Next, I needed a plain white background with natural/bright light. Enter our cheap Ikea flat sheet and a rocking chair pulled next to the window.
Though the room started to look like a pauper's version of Netherfield after the Bingleys returned to London, it did the job.
I then needed a way to restrain Elise in the proper position in the chair without making her upset. I ask you...what are Bumbo seats for if not for that purpose?
The only remaining necessary element was the baby, of course. I got her situated and gave her a ball to keep her hands occupied (and therefore out of the frame).
After that, it was just a simple matter of getting the right photo. We started off strong.
Maybe a little too much zoom. And movement.
Aha. I realized I needed to add a song and dance to keep her looking my direction.
Gah, the thumb! She just thinks it's so delicious. Who needs a passport photo anyway?
Ok, cute. But she moved again and made it blurry, and remember how you can't have an open mouth? Come on. And I'm not even going to address the snotty nose.
Acceptable. And yet...the mug shot just wasn't doing it for me. Shouldn't the US border officials be able to surmise that she's not a baby criminal mastermind? I need them to be able to judge her character in five seconds or less, because obviously her passport photo is a reflection of my parenting abilities.

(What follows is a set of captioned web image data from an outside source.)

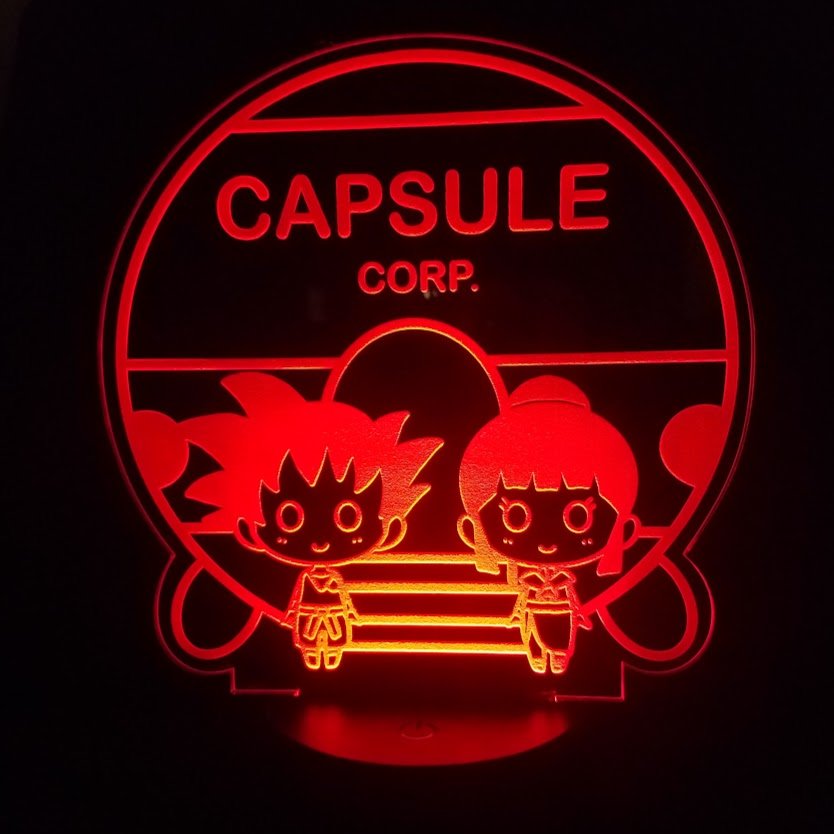 Capsule DB1 LED Lamp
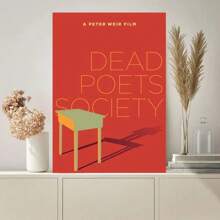 1PC Movie Dead Poets Society Poster Paintings On The Wall Picture For Living Room Interior Painting Room Decoration Optional Frame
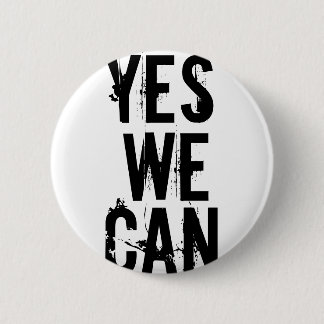 YES WE CAN button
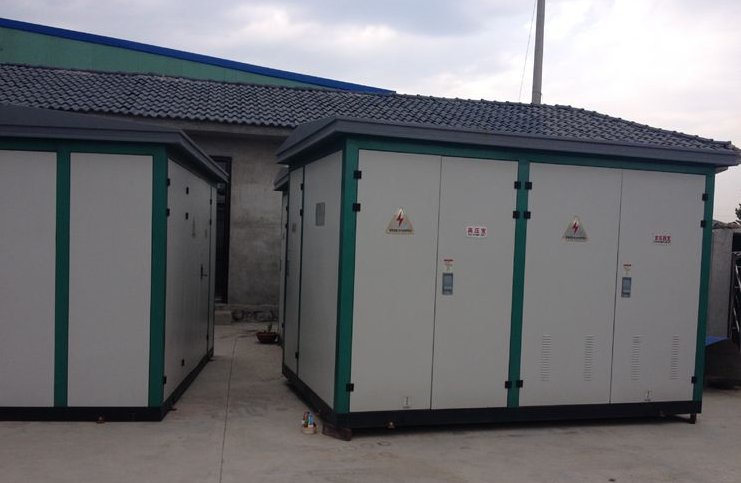 故城1250KVA箱式变压器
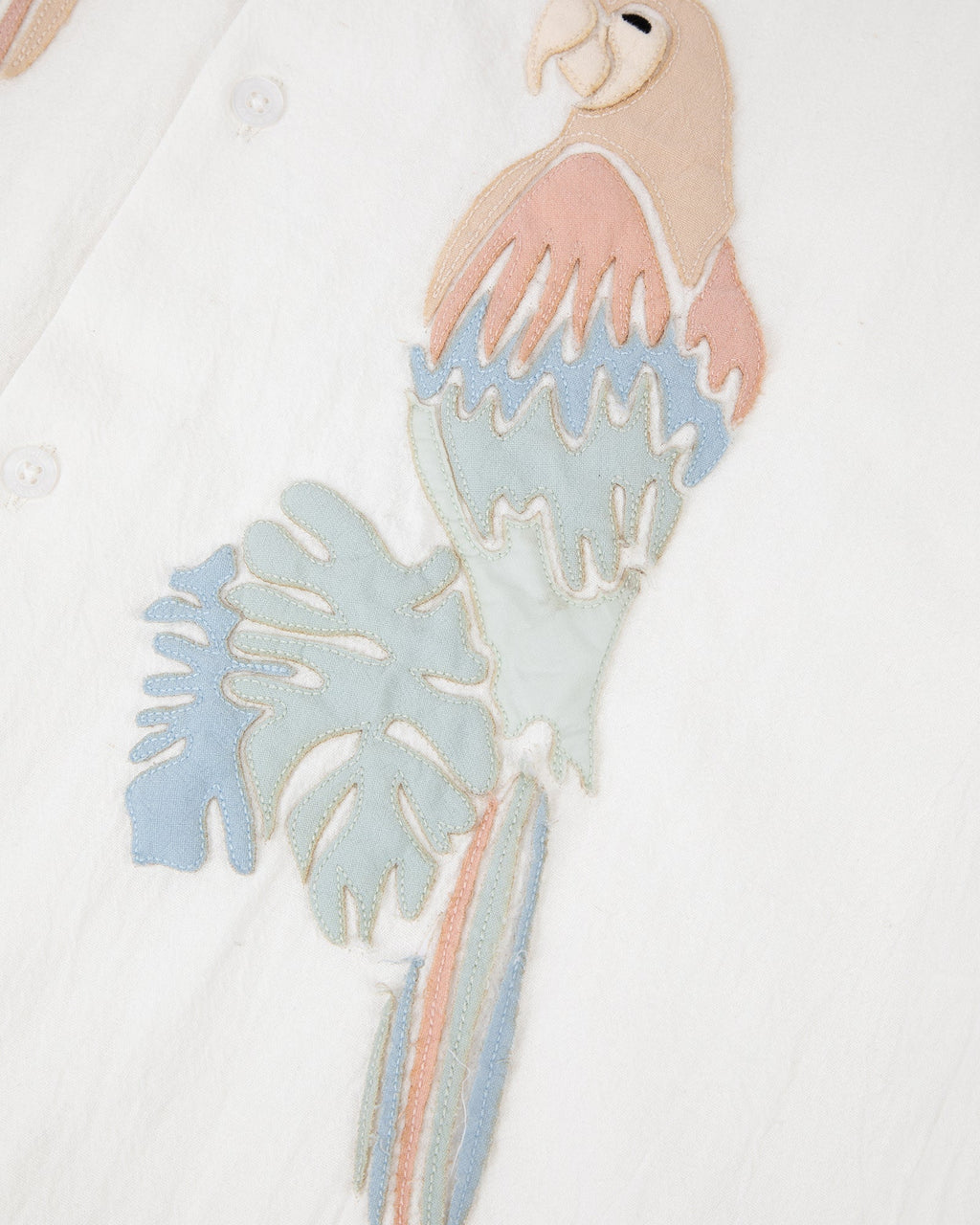 Parrots "Linen And Cotton" Morney Shirt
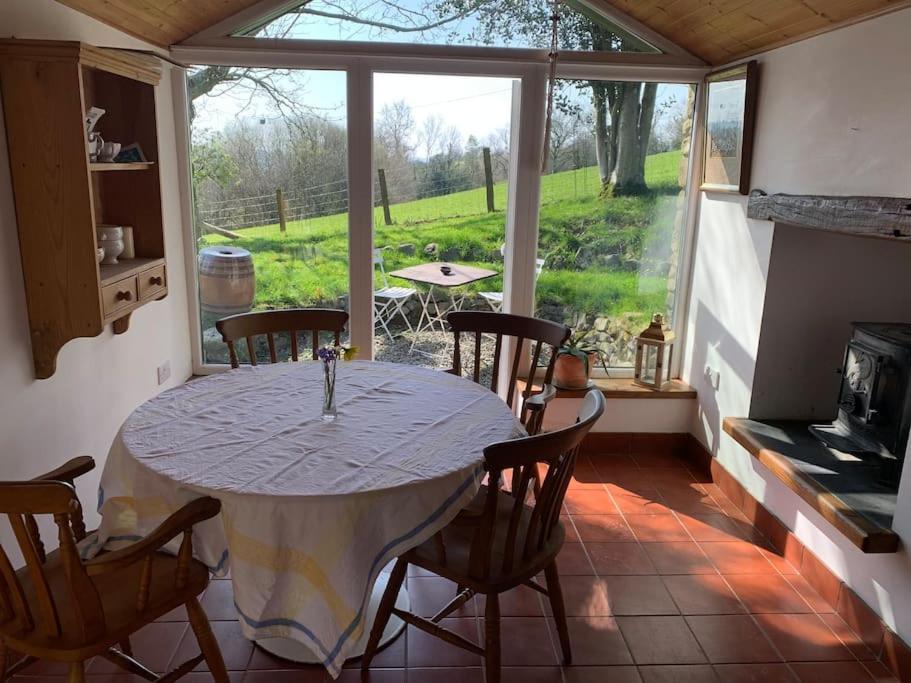 Stunning Barn Conversion On A Family Run Farm Llanfynydd Экстерьер фото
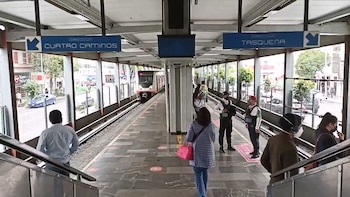 Línea 2 del Metro CDMX:
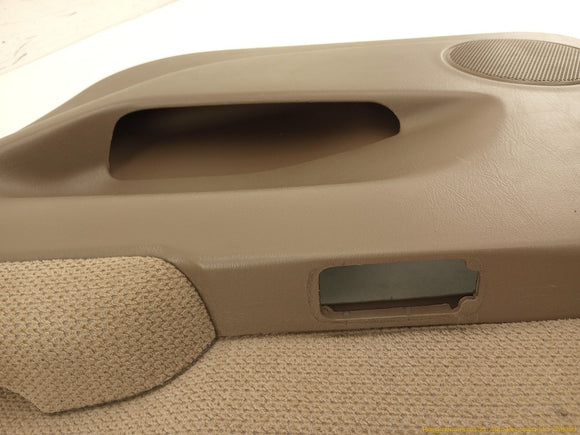 Toyota 4Runner Passenger Right Rear Door Trim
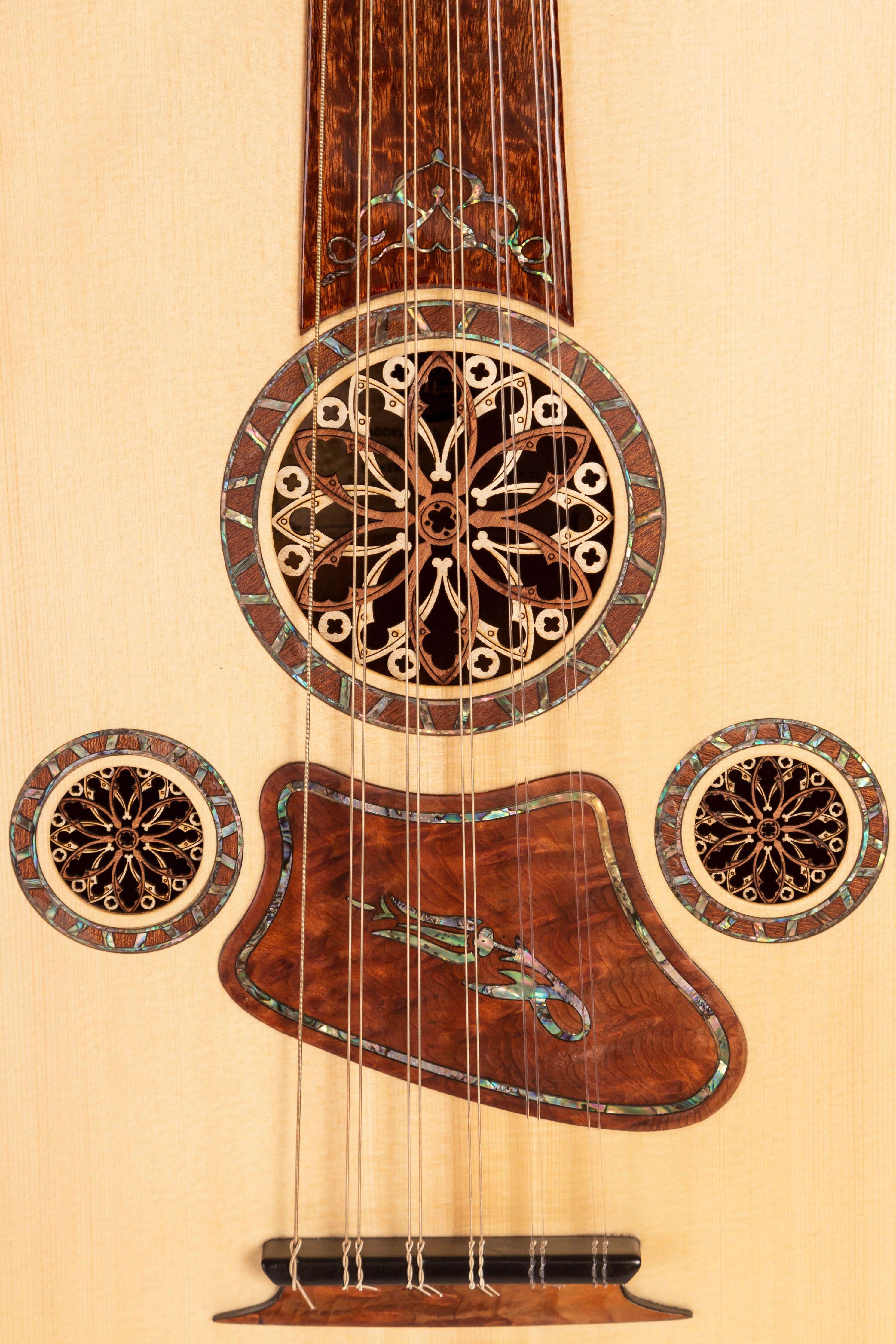 Özel Tasarım Yıldırım Palabıyık  Ud Model no 800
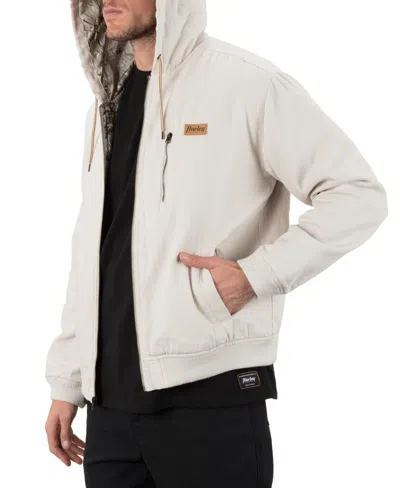 Hurley Men's Shapers Canvas Jacket In Neutral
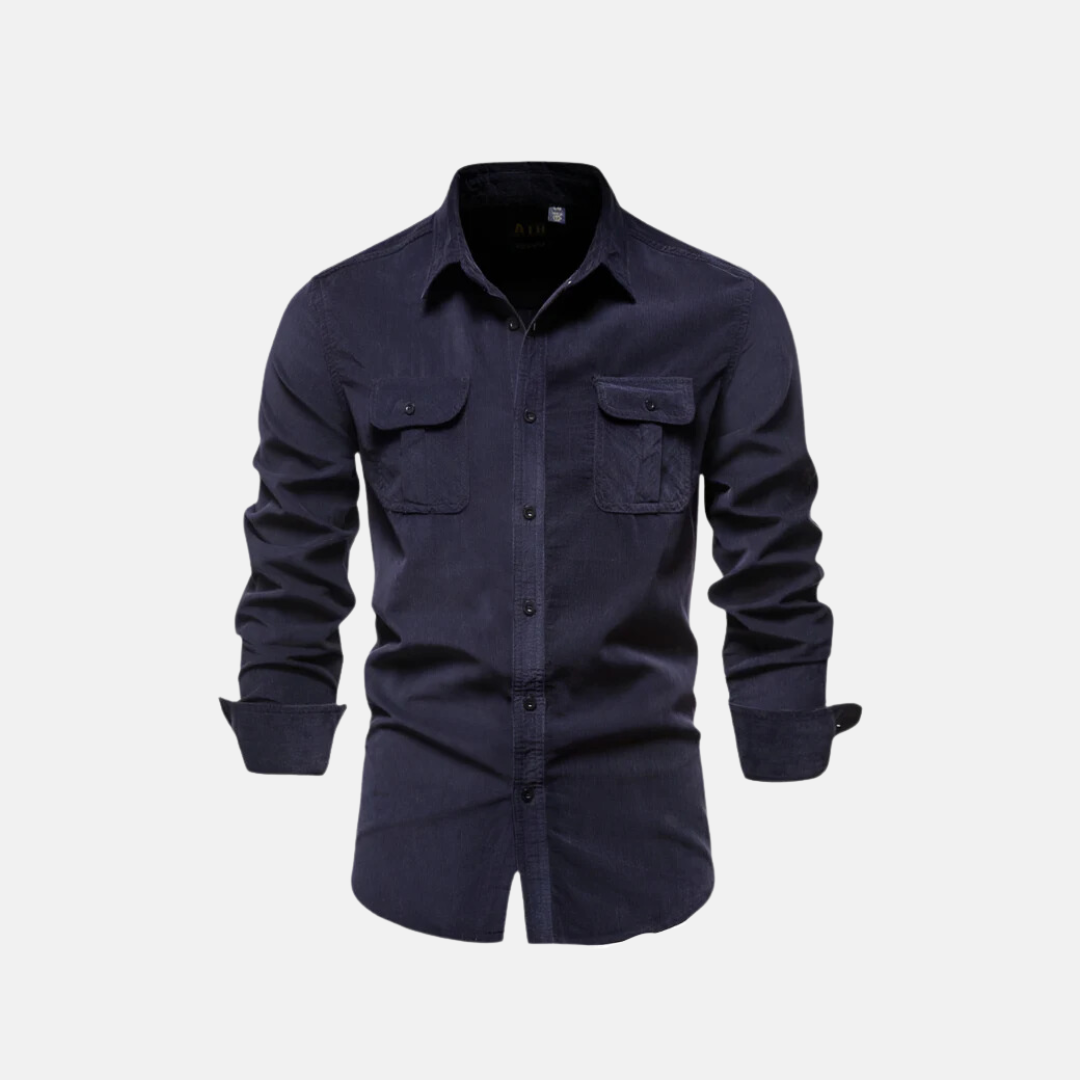 Camisa Masculina Veludo Australy Cotton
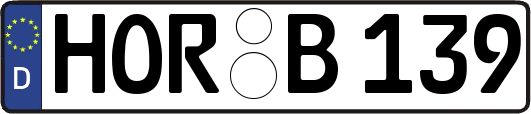 HOR-B139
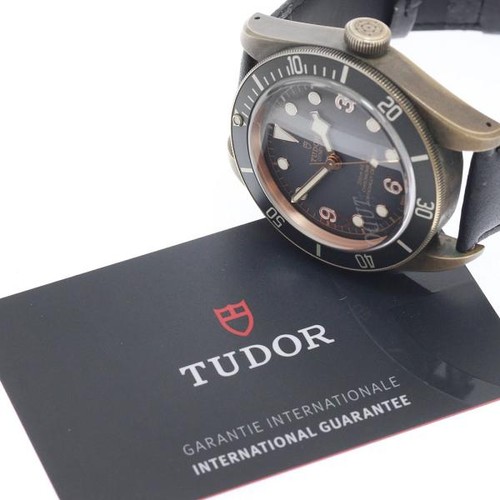 Tudor heritage black bay - heritage,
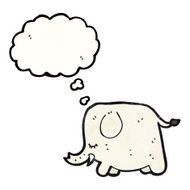 cute cartoon elephant N4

AND THERE IT IS. Crop a little on either side, bump up the brightness, and we are in business. It only took me 53 shots, but we got it.
Now, all I have to do is assemble her birth certificate, social security card, our marriage license, a printout of our airline tickets, and her baptism certificate, and both Chaz and I need to show up in person at the National Passport Center at our appointed time (which must be conveniently between 8:00 am and 4:00 pm Monday through Friday). The government, man. They like to make this so easy on us.
But hey! Europe, we're coming your way, one official document checklist item at a time!